中国税收的另外一个优势是土地的各种费用,土地财政是中国的优势。因为中国是土地公有制的国家,而西方国家是土地私有制,这就导致房产税与土地出让金的性质是不同的,土地出让金是收回土地投资的重要手段。我们大量的基础建设,都是投资到了土地上,如果不能带来土地的增值,等于投资没有效果;不能通过土地的出让和土地增值税收回投资,通过其他产业税收来投资土地基建,实质上是各行各业的财富补贴土地使用者。
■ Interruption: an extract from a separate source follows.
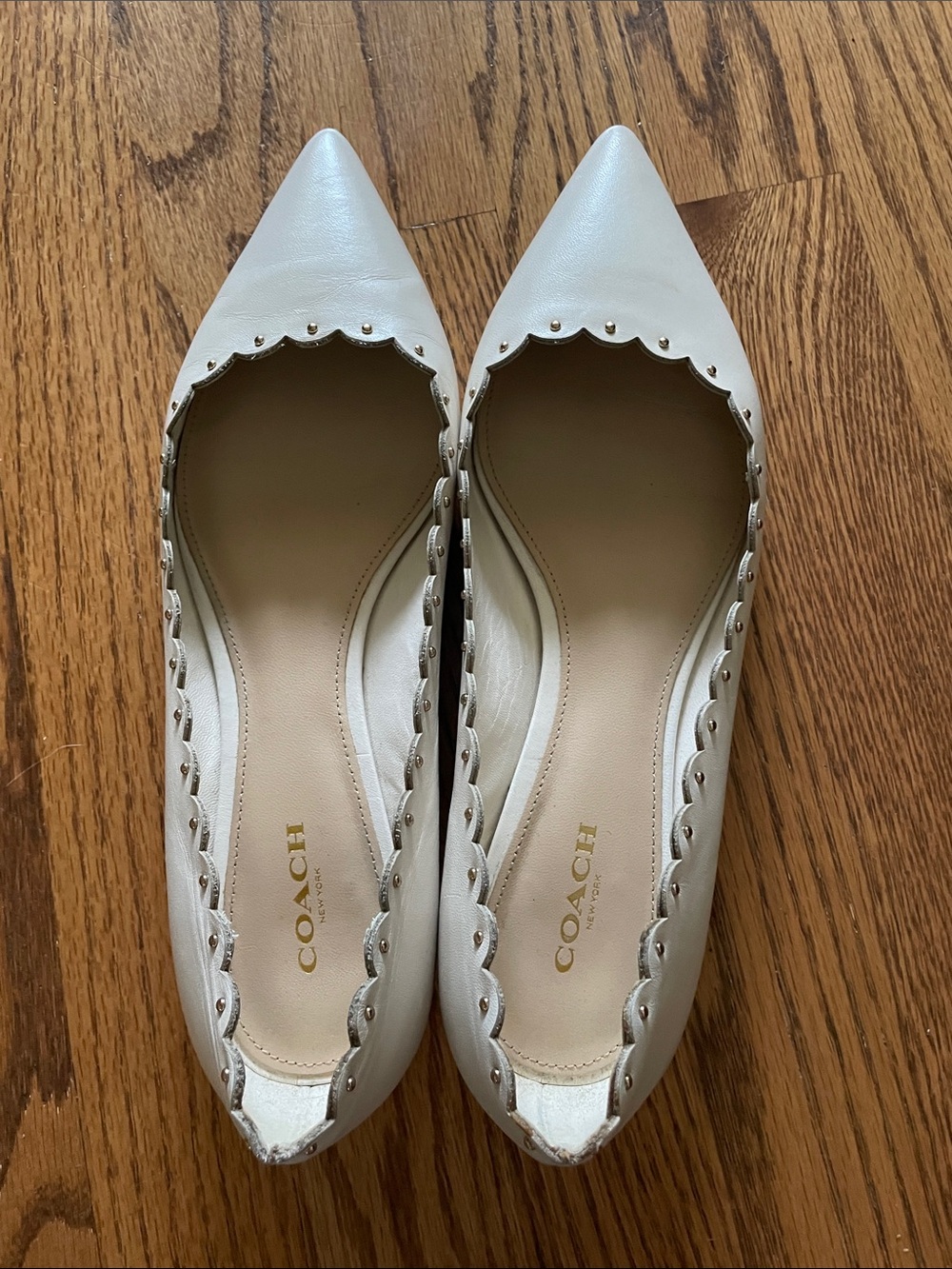 COACH Ivory Scalloped Pointed-Toe Leather Flats with Stud Trim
类似的,西方国家在其控制的地区,也是搞超级地租。

由于中国的对外投资相对较少,中国是世界工厂之一,中国的征税优势在于对产业(包括西方国家在中国的产业)所征的间接税;而西方国家是投资全世界,产业向全世界转移,它们是产业的所有人,因此它们主要采用直接税。间接税的税负承担可以转嫁,而直接税的纳税主体可以转移。采用直接税,会导致纳税主体移民,或者通过信托等手段,将所得税转移到境外。到底是对国内生产总值征税还是对国民生产总值征税,是有巨大差别的。这类博弈,一定要用全球化的视角去看才能够看清楚。

很多人由征税,说到了利用税收解决贫富分化的问题,认为富人多纳能解决贫富分化问题。但真实的情况是收税不能解决贫富分化问题,富人金融化的资产,免税、避税的手段非常丰富,真正的税负,实际上落到了多劳多得的人身上,落到了能够更多地创造财富的人身上,这些人在全球是可以流动的,也是全球都要吸引的。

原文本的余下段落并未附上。